With both DataFrames having the same index column `sha`, we can now join DataFrames. We set the join method to `right` because we have multiple file statistics entries for each commit. This expands the `meta_data` DataFrame, i.e., duplicates each meta data entry for a file statistics entry.

In [10]:
changes = meta_data.join(sha_files, how='right')
changes.head()

Unnamed: 0_level_0,author,timestamp,additions,deletions,filename
sha,Unnamed: 1_level_1,Unnamed: 2_level_1,Unnamed: 3_level_1,Unnamed: 4_level_1,Unnamed: 5_level_1
024811d252f8d8218e6795d46203cff25971bc19,Mic <misvy@vmware.com>,Thu Mar 14 18:04:36 2013 +0800,1,1,src/main/java/org/springframework/samples/petc...
0365d34d2977dd24ec0bb3e8b0edff5694908c80,Markus Harrer <feststelltaste@googlemail.com>,Mon Nov 12 10:28:34 2018 +0100,1,1,pom.xml
0504ec9fe345d9d34b15c374333f709fb147e6d6,thinksh <thinkshihang@gmail.com>,Wed Feb 3 23:19:46 2016 -0500,1,1,src/main/resources/db/mysql/petclinic_db_setup...
053c84ecc95b246ef4a40fb3d4304e8908604af4,Mic <misvy@vmware.com>,Mon Feb 3 09:31:44 2014 +0800,1,1,pom.xml
057015c14cce4791ff309419de8a8bd6339fd6e7,Mic <misvy@vmware.com>,Fri Feb 15 15:31:04 2013 +0800,1,18,.springBeans


Alright, we are almost done. Hang in there!

### Combine multiple rows to one entry in a column

We still have to treat the commit messages that span across multiple lines. So back to the message information. Thanks to the `sha` column, we are able to concatenate all the messages that belong to one commit as well by joining the message's party in one single row.

In [11]:
sha_msg = log.dropna(subset=['message']).groupby('sha')['message'].apply(' '.join)
sha_msg.head()

sha
024811d252f8d8218e6795d46203cff25971bc19                        simplifying access to Integer
0365d34d2977dd24ec0bb3e8b0edff5694908c80             downgrade jqassistant due to weird error
0504ec9fe345d9d34b15c374333f709fb147e6d6    Update petclinic_db_setup_mysql.txt Correct in...
053c84ecc95b246ef4a40fb3d4304e8908604af4                             migrated to Spring 4.0.1
057015c14cce4791ff309419de8a8bd6339fd6e7    Spring MVC Test Framework and migration to Spr...
Name: message, dtype: object

### Combining commit messages and change information

Finally, we also join this separate Series with the main DataFrame.
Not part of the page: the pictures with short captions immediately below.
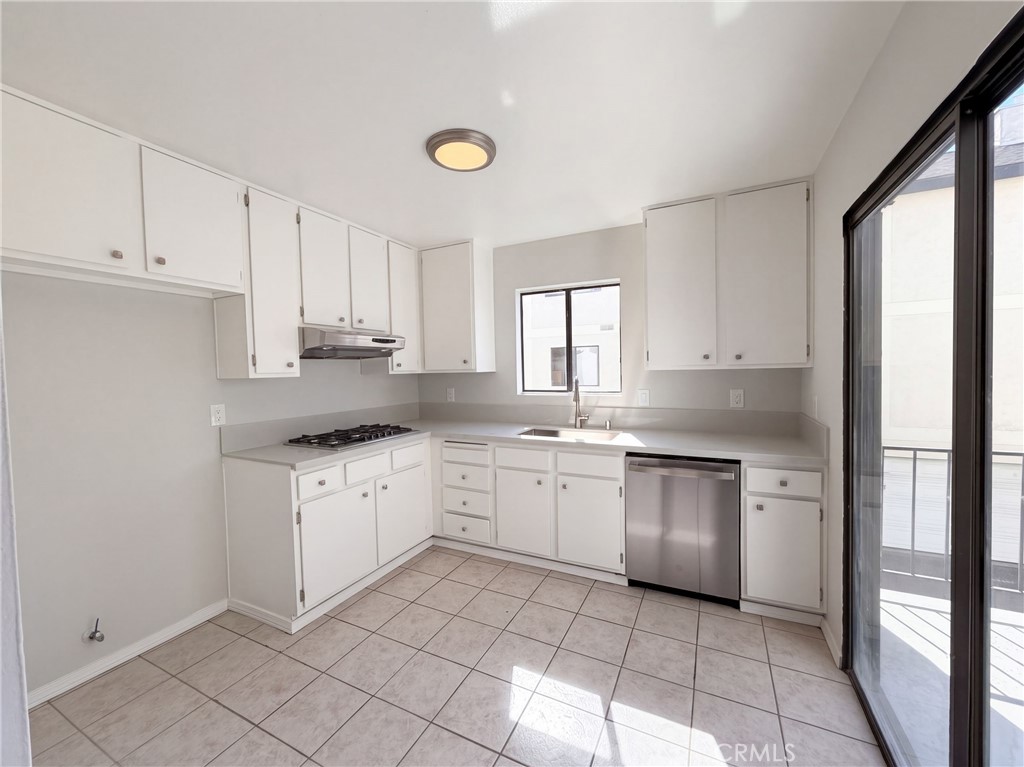 9620 Sepulveda 39 Property Photo 3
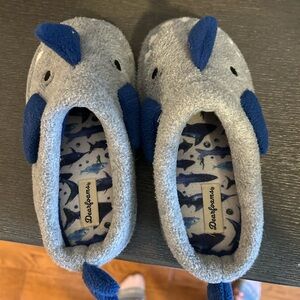 Dearfoams Gray Slippers with Blue Trim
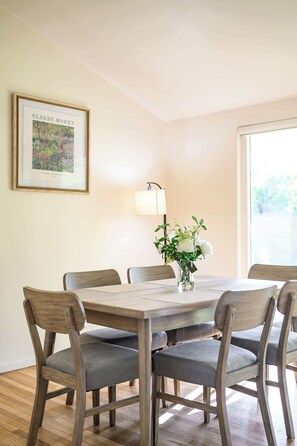 House, Multiple Beds, Patio, Garden View (303-2 Duarte) | Dining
Done!

In [12]:
changes = changes.join(sha_msg)
changes.head()

Unnamed: 0_level_0,author,timestamp,additions,deletions,filename,message
sha,Unnamed: 1_level_1,Unnamed: 2_level_1,Unnamed: 3_level_1,Unnamed: 4_level_1,Unnamed: 5_level_1,Unnamed: 6_level_1
024811d252f8d8218e6795d46203cff25971bc19,Mic <misvy@vmware.com>,Thu Mar 14 18:04:36 2013 +0800,1,1,src/main/java/org/springframework/samples/petc...,simplifying access to Integer
0365d34d2977dd24ec0bb3e8b0edff5694908c80,Markus Harrer <feststelltaste@googlemail.com>,Mon Nov 12 10:28:34 2018 +0100,1,1,pom.xml,downgrade jqassistant due to weird error
0504ec9fe345d9d34b15c374333f709fb147e6d6,thinksh <thinkshihang@gmail.com>,Wed Feb 3 23:19:46 2016 -0500,1,1,src/main/resources/db/mysql/petclinic_db_setup...,Update petclinic_db_setup_mysql.txt Correct in...
053c84ecc95b246ef4a40fb3d4304e8908604af4,Mic <misvy@vmware.com>,Mon Feb 3 09:31:44 2014 +0800,1,1,pom.xml,migrated to Spring 4.0.1
057015c14cce4791ff309419de8a8bd6339fd6e7,Mic <misvy@vmware.com>,Fri Feb 15 15:31:04 2013 +0800,1,18,.springBeans,Spring MVC Test Framework and migration to Spr...


## Summary
In this notebook, I showed you how you can also work with non-tabular or semi-structured data with pandas. There are some edge cases in software analysis where you need this. I hope you saw that you can treat this but that this is also complicated. If you face semi-structured data I encourage you to ask for an alternative representation of data in a tabular style format to avoid this kind of complicated work!